### Task instructions
Exact reproduction of all the entries is required, without any of their pictures.

### Exercise data
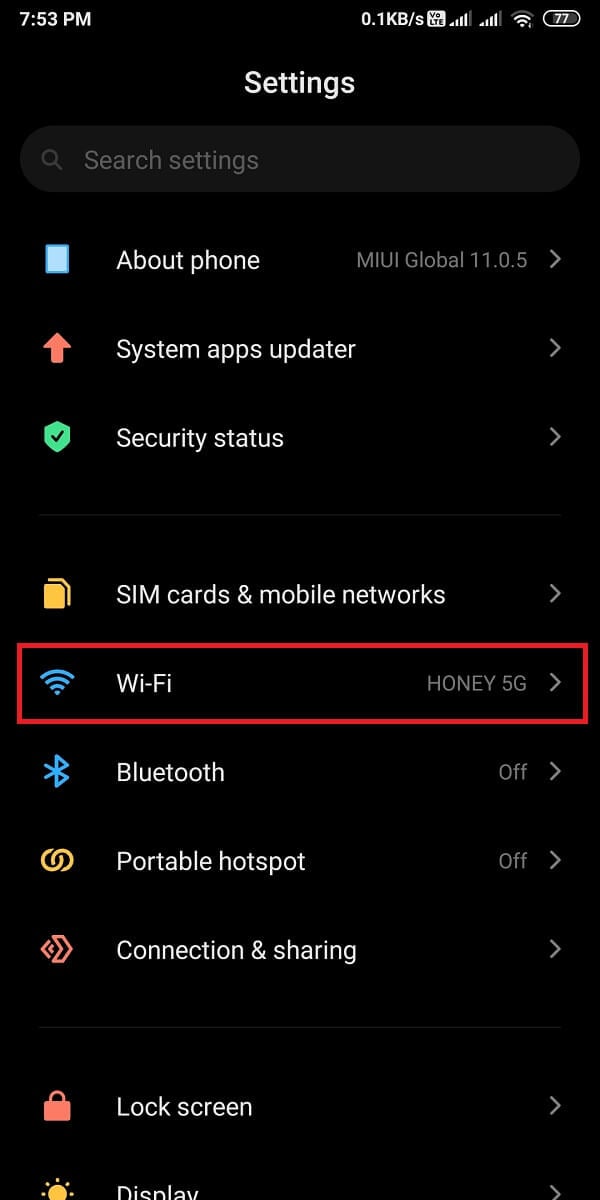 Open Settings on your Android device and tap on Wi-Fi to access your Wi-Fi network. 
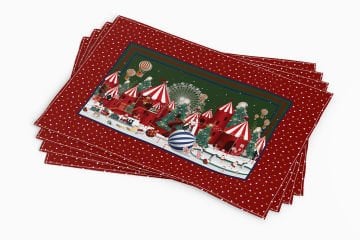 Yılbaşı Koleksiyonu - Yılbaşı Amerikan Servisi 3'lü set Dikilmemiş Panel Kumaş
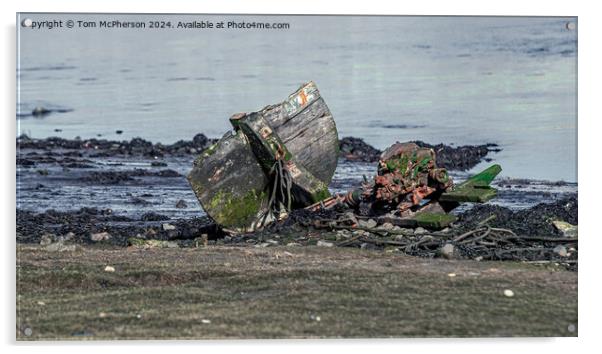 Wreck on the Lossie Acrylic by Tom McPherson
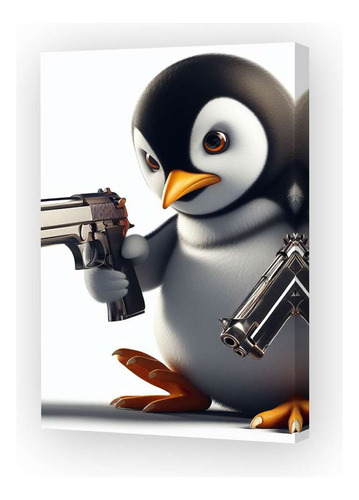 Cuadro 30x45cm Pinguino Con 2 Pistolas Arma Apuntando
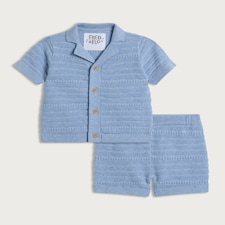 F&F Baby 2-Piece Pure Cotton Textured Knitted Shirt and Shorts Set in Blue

### The completed task
 Open Settings on your Android device and tap on Wi-Fi to access your Wi-Fi network. 
 Yılbaşı Koleksiyonu - Yılbaşı Amerikan Servisi 3'lü set Dikilmemiş Panel Kumaş
 Wreck on the Lossie Acrylic by Tom McPherson
 Cuadro 30x45cm Pinguino Con 2 Pistolas Arma Apuntando
 F&F Baby 2-Piece Pure Cotton Textured Knitted Shirt and Shorts Set in Blue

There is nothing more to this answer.